The study will be published soon in the March 2008 issue of the Bulletin of the American Meteorological Society.
By searching through historic records written by early Arctic explorers, Garrett and his collaborator Lisa Verzella, former undergraduate student at the University of Utah, were able to find evidence of an aerosol “dry haze” that settled onto the ice to form a layer of grayish dust containing metallic particles. The haze and dust were likely the byproducts of smelting and coal combustion generated during the Industrial Revolution.
“We searched through open literature, including a report in the second issue of the journal Science in 1883 by the famous Swedish geologist Adolf Erik Nordenskiold, who was the first to describe the haze,” says Garrett. “We also looked through books describing Arctic expeditions that had to be translated from Norwegian and French.”

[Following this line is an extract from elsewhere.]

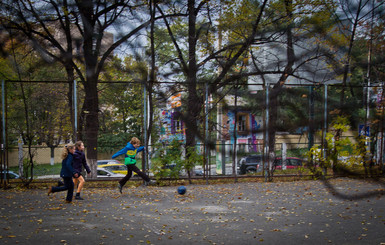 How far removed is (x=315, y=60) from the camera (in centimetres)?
167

The historic accounts show that more than 130 years ago, the Industrial Revolution was “already darkening the snow and skies of the far North,” Garrett says.
History of Arctic Pollution
Garrett and Verzella say the first report of Arctic haze pollution usually is credited to a U.S. Air Force meteorologist J. Murray Mitchell, who in 1957 described “the high incidence of haze at flight altitudes” during weather reconnaissance missions from Alaska over the Arctic Ocean during the late 1940s and 1950s.
Mitchell was credited in the 1970s by Glenn Shaw from the University of Alaska, Fairbanks, and his collaborators Kenneth Rahn and Randolf Borys, from the University of Rhode Island, who were the first to discover the haze contained high levels of heavy metals, including vanadium, suggestive of heavy oil combustion.
In a later study, Rahn and Shaw said: “Arctic haze is the end product of massive transport of air pollution from various mid-latitude sources to the northern polar regions, on a scale that could never have been imagined, even by the most pessimistic observer.”
Since humans had been generating aerosol pollution long before 1950 – namely, since sometime after the advent of the Industrial Revolution in the late 1700s – it made sense to Garrett that pollution generated from earlier times also might have made it to northern latitudes from Europe, Asia and North America.